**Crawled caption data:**

- - -

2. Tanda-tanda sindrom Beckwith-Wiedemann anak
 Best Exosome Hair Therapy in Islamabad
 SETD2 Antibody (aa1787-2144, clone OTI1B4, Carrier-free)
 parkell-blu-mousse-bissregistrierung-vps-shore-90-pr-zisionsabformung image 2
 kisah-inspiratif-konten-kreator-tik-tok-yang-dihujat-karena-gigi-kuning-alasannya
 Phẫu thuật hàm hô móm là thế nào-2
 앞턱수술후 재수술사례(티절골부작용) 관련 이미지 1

- - -

**Problem to solve:** The records are to be repeated in full, exactly as they stand.

**Exercise response:**
2. Tanda-tanda sindrom Beckwith-Wiedemann anak
 Best Exosome Hair Therapy in Islamabad
 SETD2 Antibody (aa1787-2144, clone OTI1B4, Carrier-free)
 parkell-blu-mousse-bissregistrierung-vps-shore-90-pr-zisionsabformung image 2
 kisah-inspiratif-konten-kreator-tik-tok-yang-dihujat-karena-gigi-kuning-alasannya
 Phẫu thuật hàm hô móm là thế nào-2
 앞턱수술후 재수술사례(티절골부작용) 관련 이미지 1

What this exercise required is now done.